WORK REQUEST: Reproduce the data that follows precisely.

SOURCE DATA:

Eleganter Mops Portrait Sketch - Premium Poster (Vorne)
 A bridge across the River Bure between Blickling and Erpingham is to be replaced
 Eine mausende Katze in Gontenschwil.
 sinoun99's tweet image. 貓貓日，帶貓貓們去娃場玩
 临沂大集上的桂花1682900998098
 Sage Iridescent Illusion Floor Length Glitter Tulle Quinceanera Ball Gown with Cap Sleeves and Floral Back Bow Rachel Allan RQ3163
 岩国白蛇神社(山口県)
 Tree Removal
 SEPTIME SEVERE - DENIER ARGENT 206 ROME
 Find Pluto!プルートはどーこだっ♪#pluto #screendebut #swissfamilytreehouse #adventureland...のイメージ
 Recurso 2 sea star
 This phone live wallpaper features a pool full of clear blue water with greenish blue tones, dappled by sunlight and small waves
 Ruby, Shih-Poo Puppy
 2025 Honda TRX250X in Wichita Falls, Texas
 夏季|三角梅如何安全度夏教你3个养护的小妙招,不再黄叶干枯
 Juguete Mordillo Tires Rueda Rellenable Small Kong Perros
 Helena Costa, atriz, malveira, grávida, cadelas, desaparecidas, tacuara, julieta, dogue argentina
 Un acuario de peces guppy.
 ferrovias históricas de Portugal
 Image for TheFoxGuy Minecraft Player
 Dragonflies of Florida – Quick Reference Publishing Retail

RESULT OF THIS EXERCISE:
Eleganter Mops Portrait Sketch - Premium Poster (Vorne)
 A bridge across the River Bure between Blickling and Erpingham is to be replaced
 Eine mausende Katze in Gontenschwil.
 sinoun99's tweet image. 貓貓日，帶貓貓們去娃場玩
 临沂大集上的桂花1682900998098
 Sage Iridescent Illusion Floor Length Glitter Tulle Quinceanera Ball Gown with Cap Sleeves and Floral Back Bow Rachel Allan RQ3163
 岩国白蛇神社(山口県)
 Tree Removal
 SEPTIME SEVERE - DENIER ARGENT 206 ROME
 Find Pluto!プルートはどーこだっ♪#pluto #screendebut #swissfamilytreehouse #adventureland...のイメージ
 Recurso 2 sea star
 This phone live wallpaper features a pool full of clear blue water with greenish blue tones, dappled by sunlight and small waves
 Ruby, Shih-Poo Puppy
 2025 Honda TRX250X in Wichita Falls, Texas
 夏季|三角梅如何安全度夏教你3个养护的小妙招,不再黄叶干枯
 Juguete Mordillo Tires Rueda Rellenable Small Kong Perros
 Helena Costa, atriz, malveira, grávida, cadelas, desaparecidas, tacuara, julieta, dogue argentina
 Un acuario de peces guppy.
 ferrovias históricas de Portugal
 Image for TheFoxGuy Minecraft Player
 Dragonflies of Florida – Quick Reference Publishing Retail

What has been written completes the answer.